(ATTN: ADDS reactions from labor groups and more info in paras 10-12)
SEOUL, Feb. 21 (Yonhap) -- The Supreme Court on Thursday recognized the age of 65 as the maximum age that people are physically fit to work, breaking a nearly 30-year precedent that will likely reshape the notion of retirement and impact related industries.
In a 10-3 vote, the full bench reversed an appellate court ruling that ordered the family of a drowning accident victim to be compensated based on the applied age of 60 to determine the indemnity.
Thursday's ruling now requires the appeals court to deliver a fresh ruling for Park Dong-hyun and his family, who lodged a 493.5 million-won (US$439,170) damages suit against a swimming pool operator after they lost their 4-year-old son in August 2015.
The calculation from the plaintiffs was based on the assumption that their child would have been able to engage in manual labor until the age of 65.
The lower courts ruled in favor of the operator, citing the December 1989 Supreme Court precedent that raised the maximum working age to 60 from 55. The courts agreed that it stands as the empirical rule.
The top court ruled Thursday that it's more adequate to accept age 65 as the maximum working age and that it should be regarded as the empirical rule.
"The circumstances under which the empirical rule was determined have significantly changed ... the initial rulings are at fault as they merely followed the precedent."
The lower courts had ordered the swimming pool operator to pay 174.2 million won to the Parks, limiting its liability for negligence to 60 percent.
The Supreme Court decided to review the case en banc, where all of its justices hear the case before making its own decision, given the public significance its ruling could have on various sectors, such as pensions and insurance.
Experts have projected that raising the working age will inevitably bring a hike in insurance premiums, of at least 1.2 percent on average.
South Korea's labor groups hailed the decision but remained cautious about adopting the retirement age at workplaces since it could stoke conflict between the older and younger generations amid high youth unemployment.
"The ruling confirms that extending the retirement age to 65 won't be a problem.

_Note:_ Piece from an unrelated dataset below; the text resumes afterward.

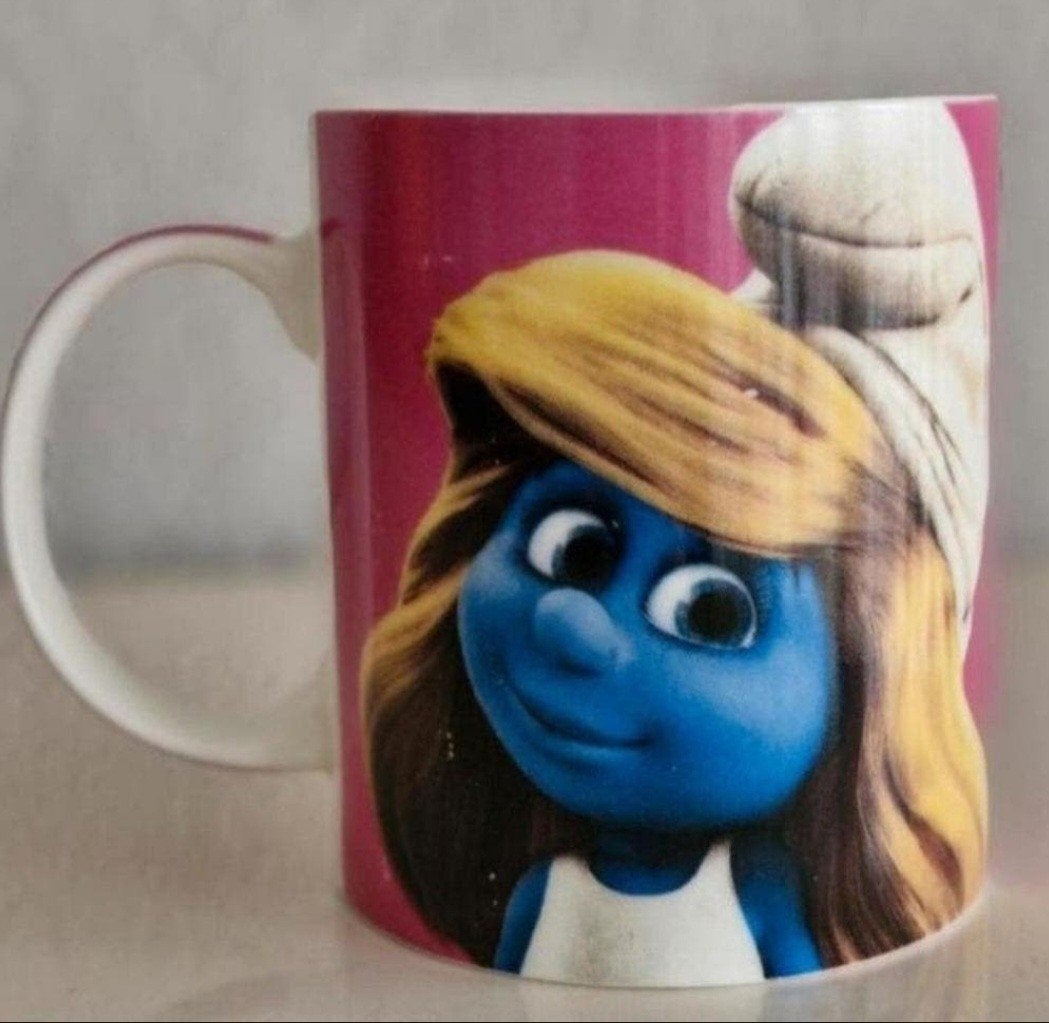 Smurfin mok - Leuke beker met Smurfin afbeelding, Ophalen of Verzenden, Gebruikt, Smurfin, Gebruiksvoorwerp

But steps that will ease unemployment and help the elderly in financial distress should come first," the Federation of Korean Trade Unions (FKTU), the larger of the two largest umbrella labor groups, said in a release.
Supporters of raising the age have argued the 1989 precedent is outdated as the life expectancy of South Koreans has greatly increased over the past three decades and economic and employment conditions have also changed.
The 2017 data by the Organization for Economic Cooperation and Development (OECD) show that the average life expectancy stood at 79.7 for Korean men and 85.7 for Korean women. The retirement age at public and private companies has also been raised to 60.
Recent lower court rulings have also increasingly awarded damages based on the judgment that the maximum working age should be higher than 60.